La drépanocytose toujours maladie orpheline
La drépanocytose n’évoque en général pas grand-chose, à moins d’avoir un proche atteint, de l’être soi-même ou encore d’évoluer dans le milieu médical. Et pourtant elle concerne près de 50 millions de personnes dans le monde, toutes formes confondues, qui lui vaut dans certains pays la triste place de première maladie génétique. « Elle est présente sur les cinq continents. 137 pays sont concernés », indique avec aplomb Edwige Ebakisse-Badassou, l’une des initiatrices des états généraux. « En France, en 2004, nous avons repéré grâce au dépistage néonatal plus de 240 enfants drépanocytaires, dont 180 en région parisienne, ce qui fait de la drépanocytose la première maladie génétique, particulièrement en métropole », précise le Pr Robert Girot, en charge du centre de drépanocytose de l’Hôpital Tenon de Paris.

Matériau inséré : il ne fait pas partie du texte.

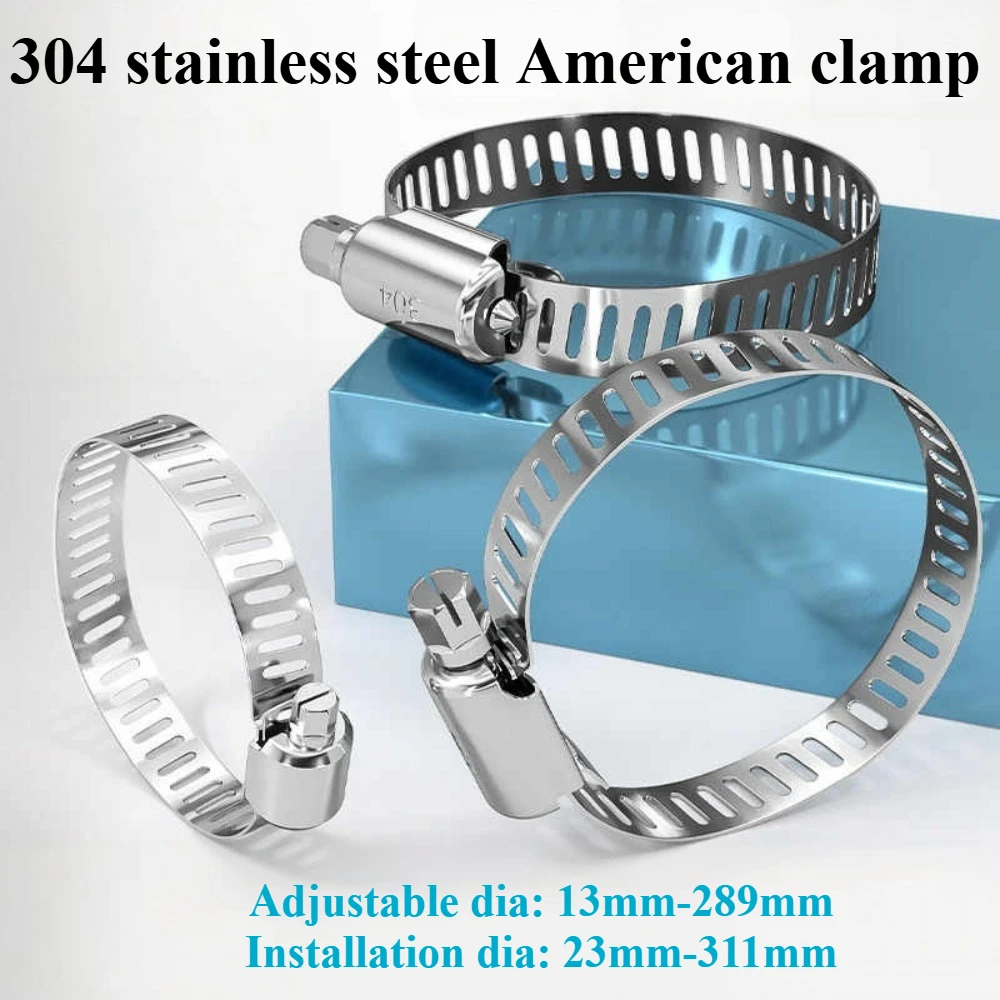 304 SS American‑Style Adjustable Pipe Clamping Fixture 13‑311mm Hose Clamp Durable Secure Lock For Gas Water Fire Exhaust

Un palmarès inquiétant, mais pas suffisamment pour que la drépanocytose quitte officiellement son ghetto de maladie orpheline. Un statut que le Dr Alphonse Gando, ministre congolais de la Santé et de la Population, explique par le fait que la drépanocytose a jusqu’à présent « peu attiré l’attention des décideurs », par opposition au sida ou au paludisme.

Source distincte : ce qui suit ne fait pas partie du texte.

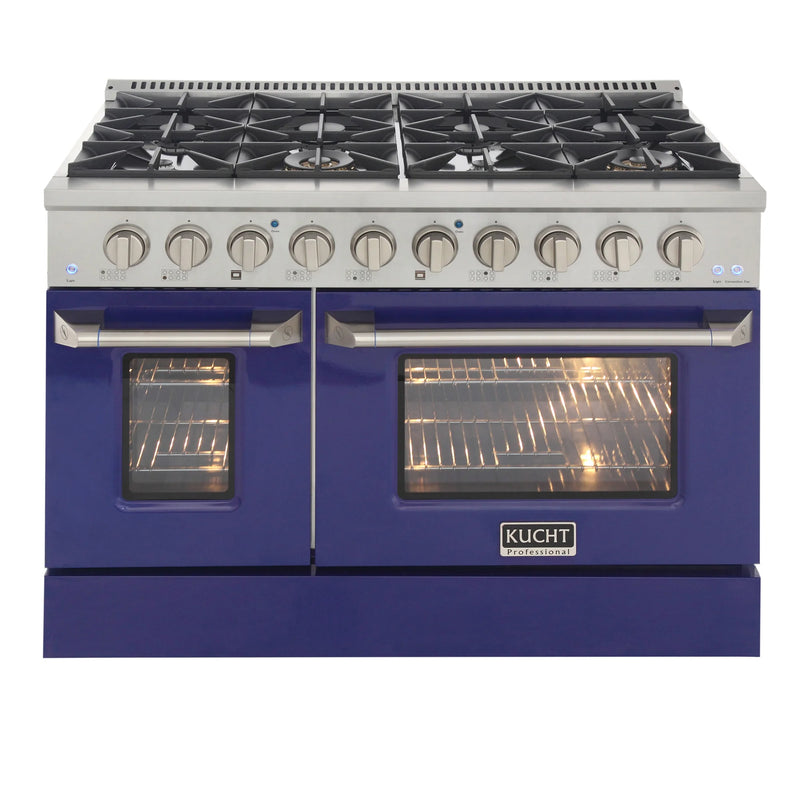 Kucht Professional 48" 6.7 cu ft. Propane Gas Dual Fuel Range with Blue Door and Silver Knobs, KDF482/LP-B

Convaincre les Nations Unies et l’Union africaine
C’est pour changer la donne, ou du moins pour que la drépanocytose soit considérée comme le HIV/sida ou le paludisme, que se sont réunis à Brazzaville des experts du monde entier. Les discussions doivent déboucher sur l’adoption de la Déclaration de Brazzaville, qui devrait, à terme, parvenir sur les bureaux des responsables onusiens. Les Nations Unies ne sont pas la seule cible. « Un projet de résolution pourrait être proposé dans le cadre de l’Union africaine », ajoute Edwige Ebakisse-Badassou. Le jeu en vaut la chandelle : si la drépanocytose change de « statut », les dirigeants pourraient bien être plus enclins à se battre pour améliorer le quotidien des malades et redonner l’espoir qu’un jour, comme dans les pays du Nord, cette maladie ne tuera plus la moitié des enfants à l’aube de leurs cinq ans.